Tuesday, November 18, 2008

What is Globalization? - part 3

The Territorial State and Global Politics
  • Conventional maps of the political world disclose a very particular conception of the geography of political power. With their clear-cut boundary lines and unambiguous colour patches, they demarcate territorial areas within which there is assumed to be an indivisible, illimitable and exclusive sovereign state with internationally recognized borders. At the beginning of the second millennium, this cartography would have appeared practically incomprehensible; even the most well-travelled civilisations would have been able to make little sense of the details of the known world today.
  • Two fundamental transformations have affected the shape and form of modern politics. The first of these involved the development of territorially based political communities. The second has led to an era of emerging multilayered regional and global governance.
  • The first transformation was marked by the growing centralization of political power within Europe, the sedimentation of political rule into state structures, the territorialization of politics, the spread of the interstate order, the development of forms of accountability within certain states and, at the same time, the denial of such accountability to others through colonial expansion, the creation of empires and war.

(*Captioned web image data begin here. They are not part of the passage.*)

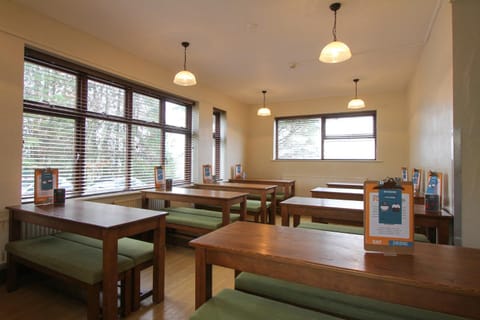 YHA Snowdon Llanberis Hostel in Llanberis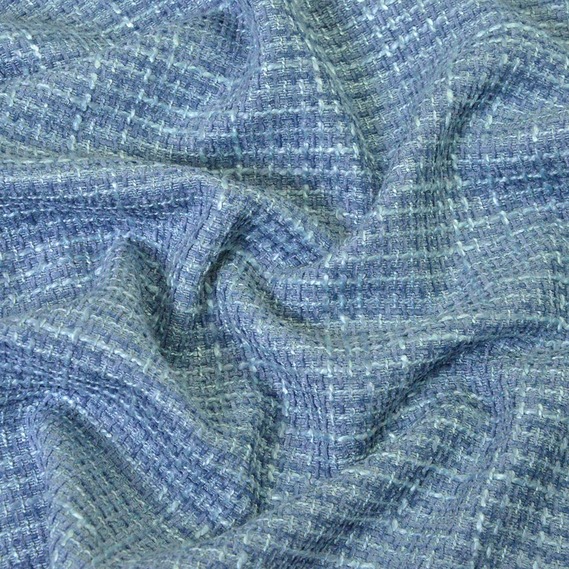  V-2/9 блакитна, фото 1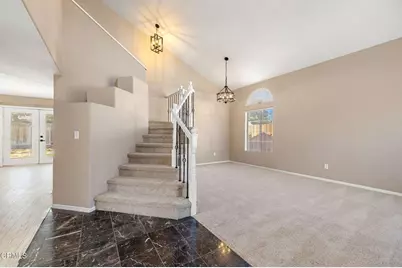 5539 W Avenue L6, Lancaster, CA 93536 - Photo 6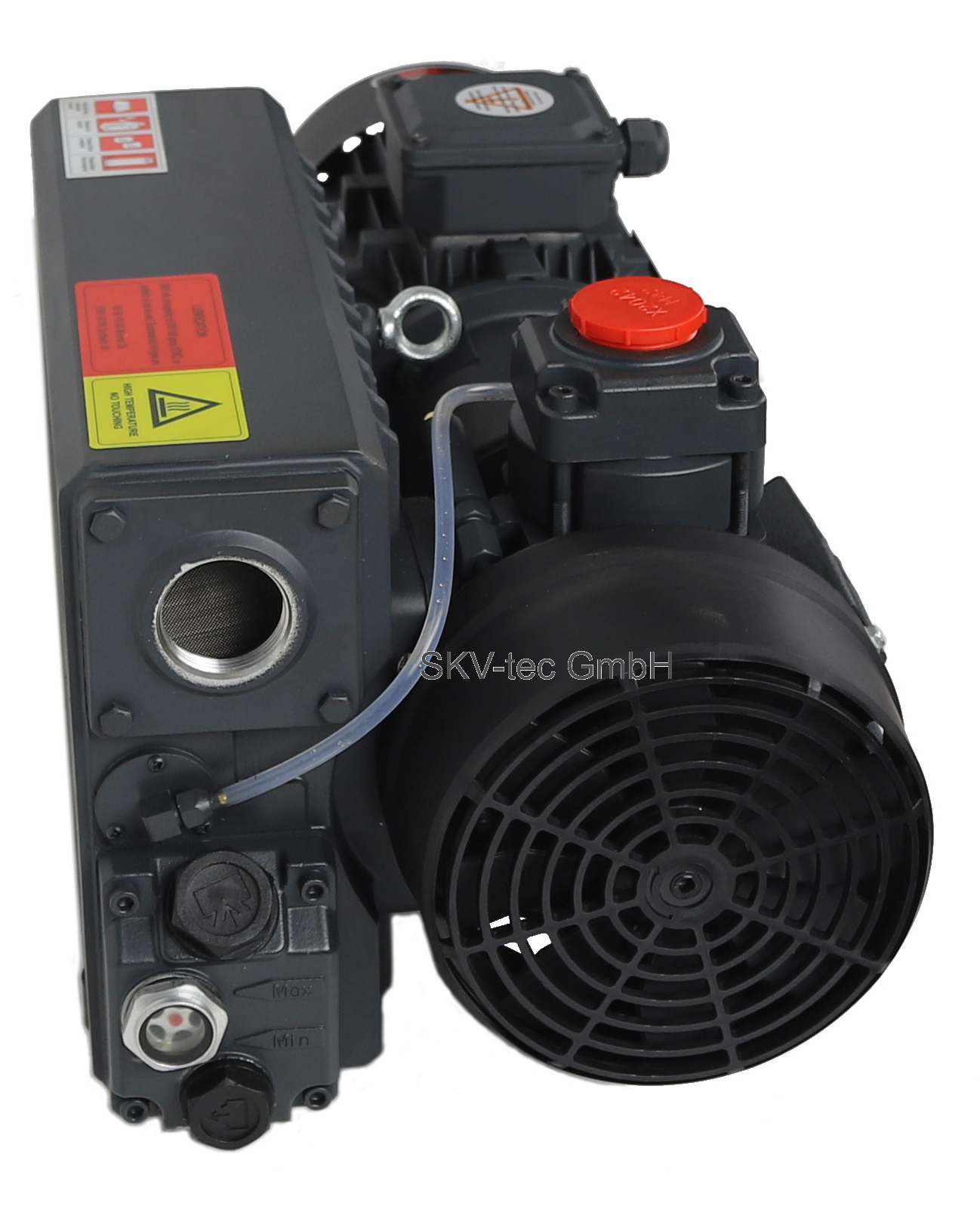 SKV-RVP-O-05-0025-F
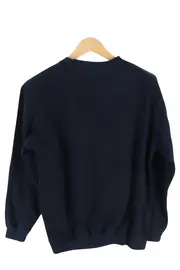 Vorschaubild JAMES & NICHOLSON Pullover 1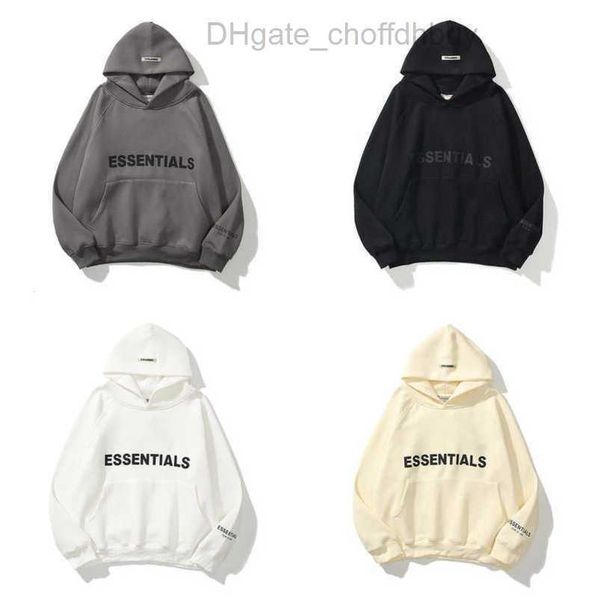 ess sweatshirts men's jackets luxury hoodies men women letter essentials pullover hoodie hooded hip hop loose sweater casual sweatshir, Black
ess sweatshirts men's jackets luxury hoodies men women letter essentials pullover hoodie hooded hip hop loose sweater casual sweatshir, Black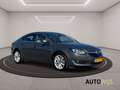 Opel Insignia 1.6 T Cosmo|NL AUTO|Leder|89DKM|AUT|Camera|Xenon Grijs - thumbnail 11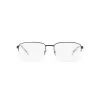 Armani Exchange AX1053 6099 Férfi Szemüvegkeret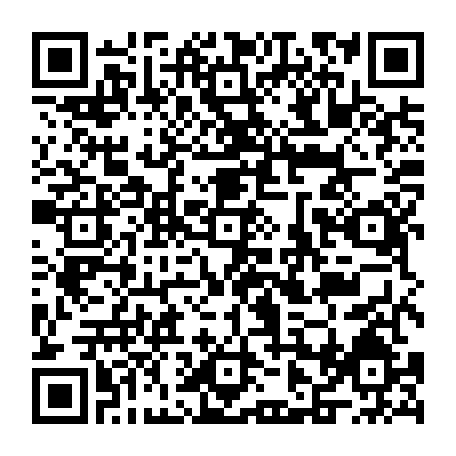 vCard 79237268561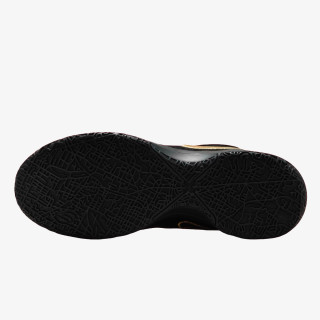 Nike Pantofi Sport Zoom LeBron Nxxt Gen 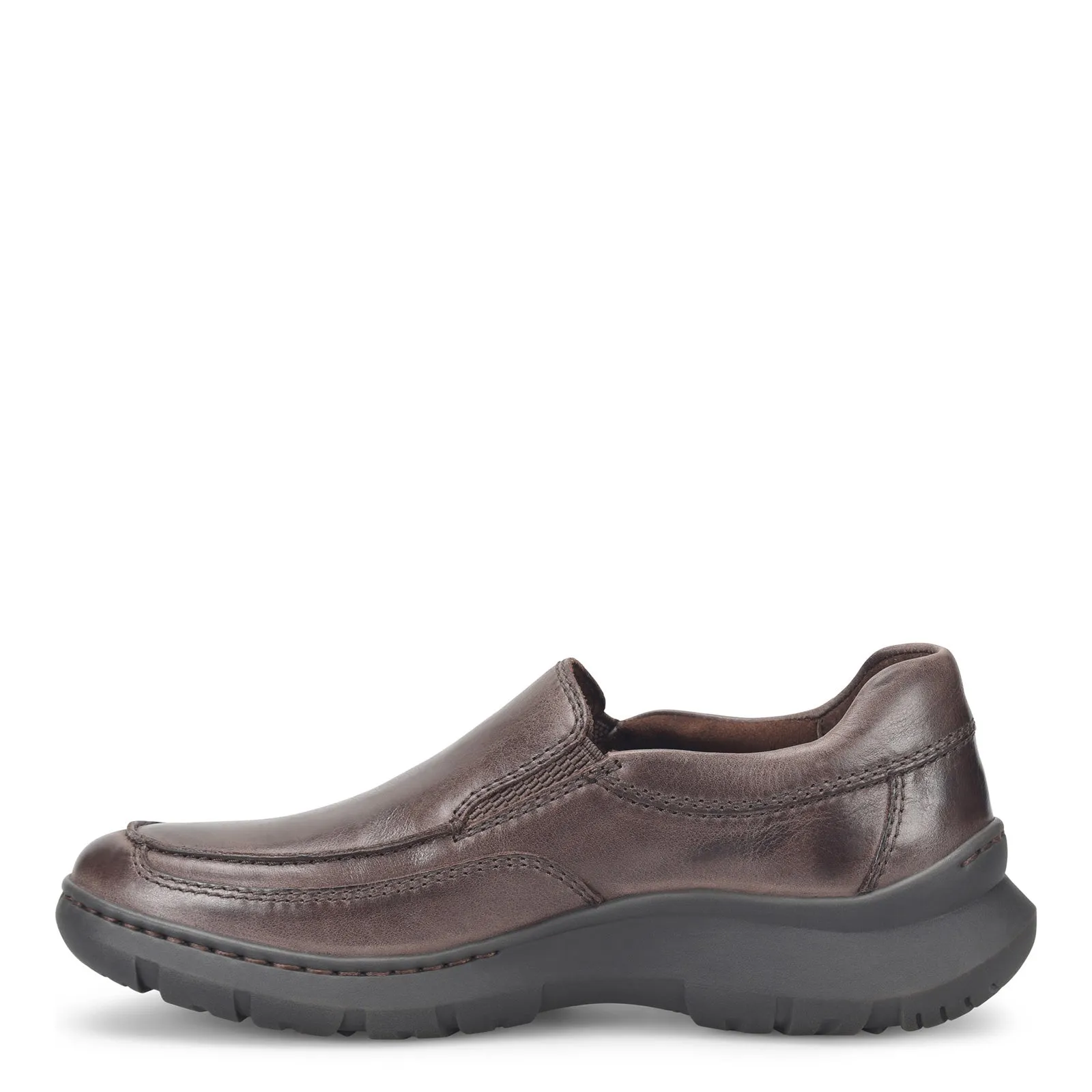 Men's Born, Cambridge Slip-On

  • The second transformation by no means replaced the first in all respects, although it was correlated with the final demise of empires. It has involved the spread of layers of governance both within and across political boundaries. It has been marked by the internationalization and transnationalization of politics, the deterritorialization of aspects of political decision-making, the development of regional and global organizations and institutions, the emergence of regional and global law and a multilayered system of global governance, formal and informal.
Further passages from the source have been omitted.